Il servizio di leva militare obbligatorio è stato sospeso ormai da oltre vent’anni; personalmente credo che a molti giovanotti porterebbe un enorme beneficio nella loro formazione caratteriale, sarebbe veramente utile quale insegnamento nei rapporti sociali non solo con i loro coetanei, ma anche con le persone piu grandi. Oggigiorno si può scegliere di iscriversi volontariamente al servizio civile universale e poter così dedicare alcuni mesi della propria vita alla difesa non armata, non violenta della propria patria; anzi, questo servizio educa alla convivenza pacifica tra i popoli (mi sembra ve ne sia un gran bisogno). Ho avuto l’opportunità di parlare con un giovanotto che dopo le superiori ha scelto di vivere l’esperienza del servizio civile; dopo adeguata formazione gli era stato assegnato il compito di assistere anziani non autosufficienti, mi ha parlato di questo periodo come il più importante della sua vita, ha ricevuto affetto e nozioni di umanità straordinaria che a scuola o sui libri non avrebbe mai imparato, facendolo maturare come persona e uomo, inoltre, imparando pure un mestiere.

Durante i tre giorni della visita pre-militare (nel lontano 1981) avevo la possibilità di essere scartato, bastava presentassi la relazione medica riguardante la grave malattia che i miei reni avevano subito, cosa che non feci perché ero in una fase della mia vita molto delicato, avevo interrotto gli studi ed il duro lavoro nei campi e soprattutto in stalla cominciava a pesarmi enormemente, sentivo la necessità di staccarmi da tutto per riflettere sul mio futuro (un anno sabbatico come si suol dire), inoltre era per me una grande opportunità di conoscere il mondo oltre il ristretto perimetro del mio circondario.

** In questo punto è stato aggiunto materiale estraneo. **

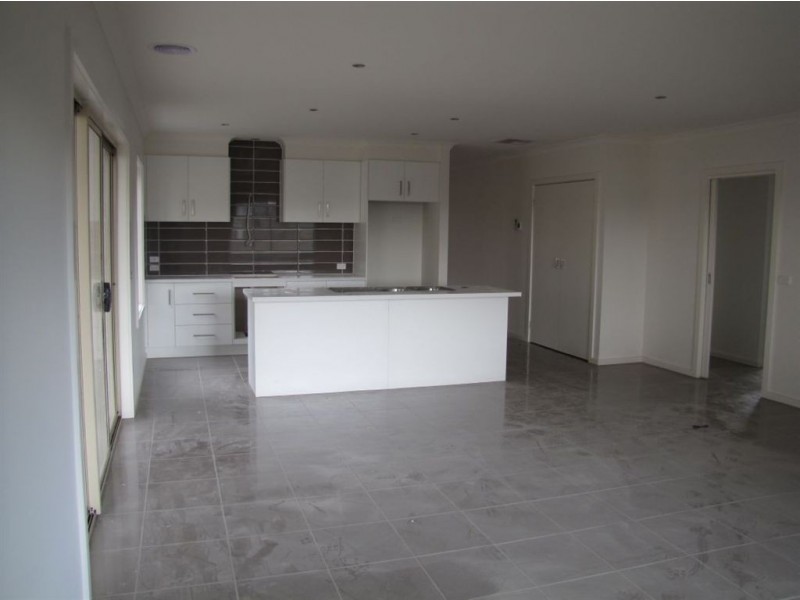 31 Creswick Drive, Epping VIC 3076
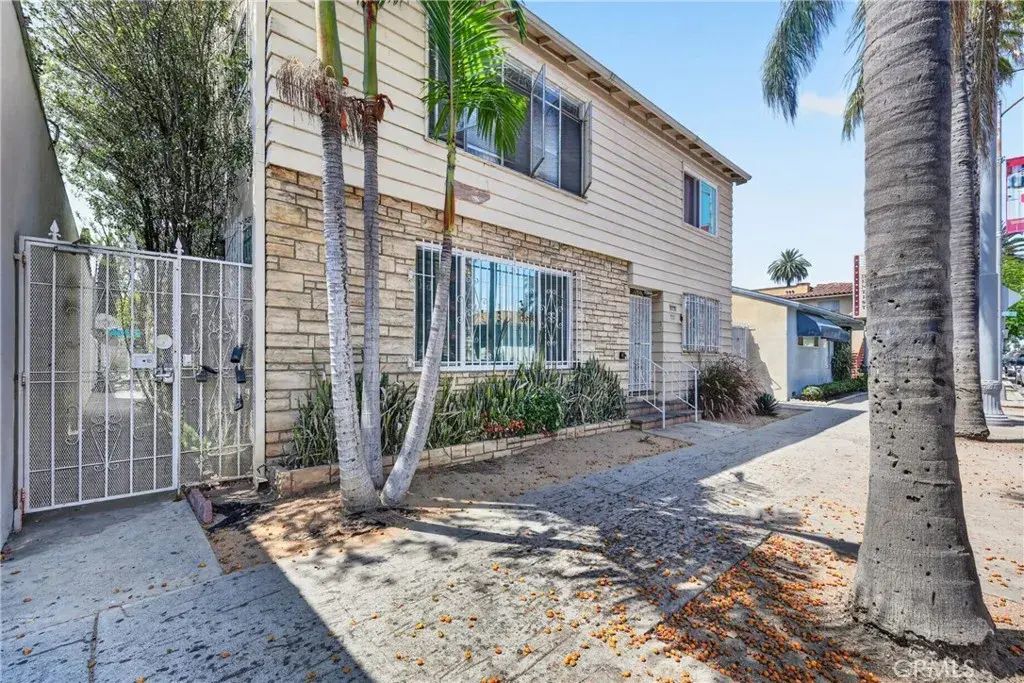 815 Pacific 6, Long Beach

Non ero mai stato in una stazione ferroviaria, il militare mi ha permesso di usufruire di molti servizi pubblici che per me erano ancora sconosciuti.
Sono partito il 30 luglio 1982 (7° scaglione 82) destinazione Fano (caserma Paolini), appena sceso dal treno ho cominciato a guardarmi attorno ed un giovanotto (di 6 anni più grande di me) mi fa: “ragazzo, per caso stai andando anche tu in Caserma per cominciare la leva militare?” – Ci siamo presentati, lui era Bruno Arena; assieme a Max Cavallari qualche anno dopo avrebbe dato vita al duo comico I Fichi D’India. Non aveva ancora subito il gravissimo incidente d’auto che gli cambiò di molto la fisionomia (francamente, non era molto bello neppure prima), mi disse che era un insegnante di educazione fisica, rimasi veramente colpito non solo dalla grande simpatia ma anche per la sua straordinaria cultura e saggezza; assieme a piedi ci avviammo verso la nostra destinazione militare.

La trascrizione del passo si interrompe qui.